This past month has been one filled with ‘firsts’ while also witnessing the relationships with those around me grow and gain substance. I decided to break this post up by themes. Bear with this blog entry, it might be rather long, and I have feeling as I look towards my next few months, they will all be fairly equal in length.
This was indeed a month of firsts. Those experiences previous travelers to India said “oh you must try this” or “just wait, this will definitely happen to you.” Some were exciting, and some were less enjoyable.
I successfully and accidentally crashed my first wedding. Everyone I had spoken with about my impending stay in India insisted that I go to a wedding. I am very glad that I went, even if it was by complete accident.
For some context, where I live and work is surrounded on all sides by rural villages. Most are in short walking distance, 2-5 minutes. One of our volunteers, Carina, and I had gotten into a habit of going on long walks or hikes after work every day. This day, as an impending Cyclone was moving in, we decided to just do a light walk. It was getting dark, the overcast made for an early green glow everywhere, and hundreds of bats (of the giant variety) were on the move. We were almost going to turn around as the rain started, when we heard drumming coming from the village up ahead. We decided that we would just walk closer to check it out. After getting stuck behind a traffic jam – which on these mountain paths can only be caused by a herd of goats – we made our way into the village. The drumming was in celebration of an upcoming wedding that was to take place the next morning. Before we knew it, we were swept into the celebration tent and asked to sit down. We were instantly surrounded by children and the shouts of “Akka!” After sitting and enjoying the music and the company, we were invited by the bride’s and the groom’s fathers to their homes for food. I have never ate so much in my life. Heaps and heaps of food kept coming. Even with one of my hands covering the plate to prevent being served again and the other hand clutching my stomach from over eating, they continued to pour food on my plate.

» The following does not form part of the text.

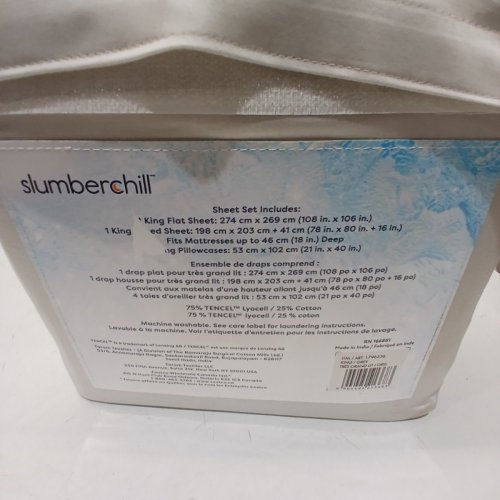 6PC SLUMBERCHILL COOLING SHEET SET - KING - GREY (STYLE : 1796336) image 3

What I actually enjoyed more, beyond being given the chance to participate in a cultural event, was how welcome I felt. These villagers have or have had students in our schools, and the children recognized me from my visits to their schools. I am the Akka from America who helps in the schools. The relationships I have started with the students are growing with every interaction. It was nice to be greeted by students who I have a report with. I felt like a member of the community, and that feeling was one that has made my job as a teacher so exciting both here and in the Delta. It is also what draws me to rural education development.
First Solo Village Excursion
While I have been spending time in the villages, it has always been with staff from RIVER who speak fluent Telugu and know the communities quite well. One Sunday afternoon, Carina and I decided to explore and see how far back the valley actually went and what types of villages are there. We got on our bikes and went off for an afternoon adventure. We traveled through a total of 6 villages. I was surprised how welcoming everyone was even though we were two foreigners biking (and sweating and panting – the bikes do not do well on the hills unless you have thighs of steel). The last village we stopped at we were taken over by a group of children. Barefoot and yelling “Akka!” They jumped on the back of our moving cycles with ease and gave us a tour of their village. Of course, we do not speak Telugu and beyond “Hello, what is your name……and your father’s name….. and your mother’s name?” they know no English. The hour long tour ended at the village’s temple. A Hindu house of worship that was locked as it wasn’t presently being used. This did not stop our eight vocal and capable hosts. They broke down the gate and dragged us in by our hands. It really was a beautiful experience. The adults of the village walked over and laughed at us or invited us in for tea. When we finally left we stopped and watched the older kids carry on an organized game of cricket. On our way back to the school, we experienced more children hitching free rides and stopped with an elderly couple and ate the groundnuts they had just harvested by hand. I arrived home that evening completely exhausted and very fulfilled. I look forward to more experiences like the ones I had that Sunday afternoon. At the end of this post is a link to my online photo album. Please go there to see the pictures from this day and others!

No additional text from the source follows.